Gedichte auf sanften Schwingen

Die Gedichte des in Köln und Ankara lebenden Lyrikers Achim Wagner sind von einer Sanftheit, die so tatsächlich nur sehr selten zu finden ist in der jungen modernen Dichtung. Sein neuester Band „flugschau“ eröffnet das Verlagsprogramm des [SIC] Literaturverlags von Daniel Ketteler und Christoph Wenzel, die bereits für die gleichnamige Literaturzeitschrift verantwortlich sind. Wagners Buch setzt die Tradition der beiden Herausgeber fort, die stets auf der Suche sind nach hochwertiger Literatur abseits des Mainstreams – einer Literatur, die experimentierfreudig ist, Traditionen fortsetzt um sie aufzubrechen, und die mit ihrer sprachlichen und inhaltlichen Vielschichtigkeit deutlich heraussticht aus der Masse der oft viel zu austauschbaren Neuerscheinungen.

Achim Wagners „flugschau“ hat nichts martialisches, es ist nicht das militaristische Muskelspiel, das man mit dem Begriff üblicherweise assoziiert – der Titel deutet bereits an, wohin die Reise geht. Wagner spielt mit der Sprache und mit den Erwartungen des Lesers, er legt falsche Fährten, die auf Lichtungen führen, die man nicht erwartet. Es ist eine Flugschau auf Federflügeln, ein virtuoses Gleiten, das in jedem Wort Präzision versteckt – eine Präzision, die sich zur Vielfalt vor allem der Empfindungen hin öffnet.

„gegen den wind starten / partir face au vent“ heißt eines der Gedichte, die nicht nur Anspielungen an literarische Gegenstücke, hauptsächlich französische, enthalten, sondern auch inhaltliche wie formale Bezüge zur Gedankensphäre der Nouvelle Vague zu einem hauchdünnen, transzendenten Faden spinnen, der das Konkrete mit dem Abstrakten verbindet: „valerie schläft mit nassen haaren auf der couch / manchmal versteckt sie sich in zusammenhängen / manchmal vertuscht sie sich selbst / nachher zimmert sie einen stuhl“.

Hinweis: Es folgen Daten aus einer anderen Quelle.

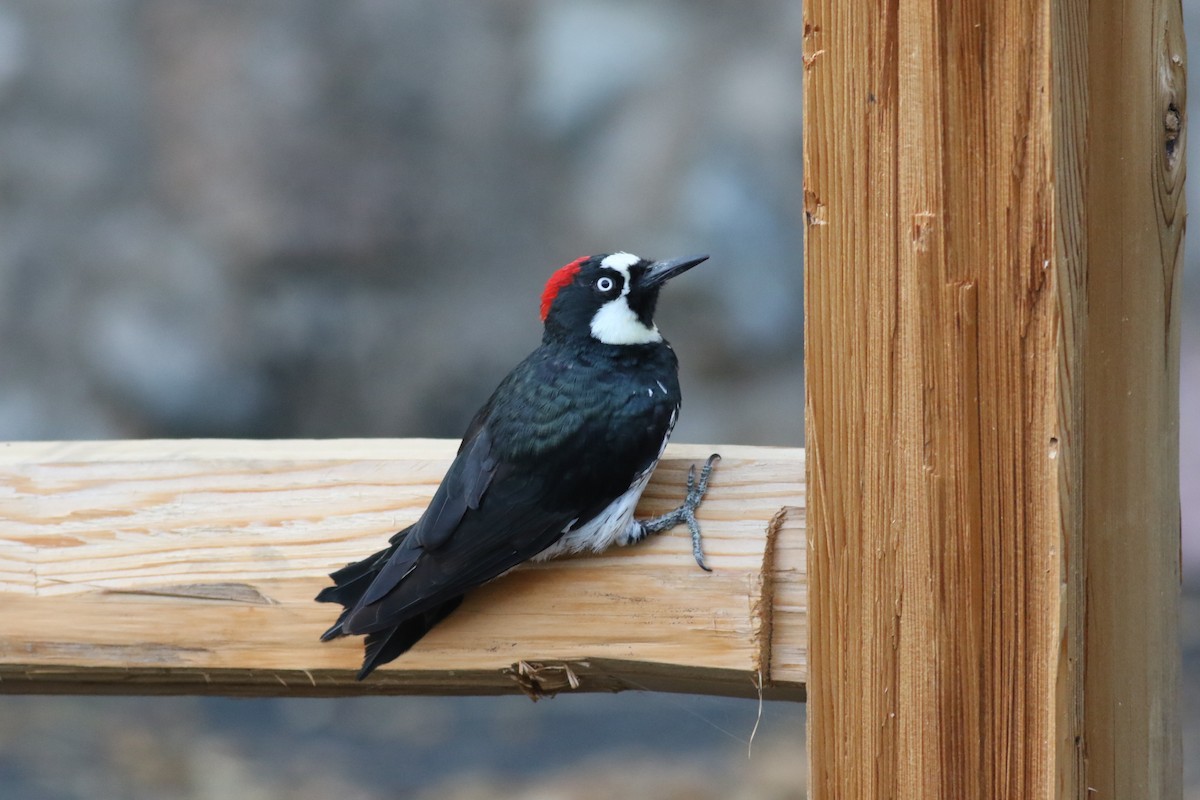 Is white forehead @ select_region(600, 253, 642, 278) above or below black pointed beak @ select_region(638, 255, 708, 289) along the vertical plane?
above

Es ist das scheinbar Alltägliche des Sehens und Liebens, in das ein empfindsames Querdenken einbricht, ein Versuch, das fassbar zu machen, das mitschwingt, wenn etwas geschieht, ob nun real oder imaginär. Das Lyrische Ich ist immer involviert, auch wenn es sich am Rand hält, jede Erfahrung ist Gedankenmaterial, das es zu bearbeiten gilt: „durchweichte gerüche / und klänge wimmelten / ich blieb vorsätzlich / zuschauer“ heißt es in „die störung feststellen / localiser la panne“, und einige Seiten und Gedichte später: „inzwischen konspiriere ich / mit meinen vorkommnissen“.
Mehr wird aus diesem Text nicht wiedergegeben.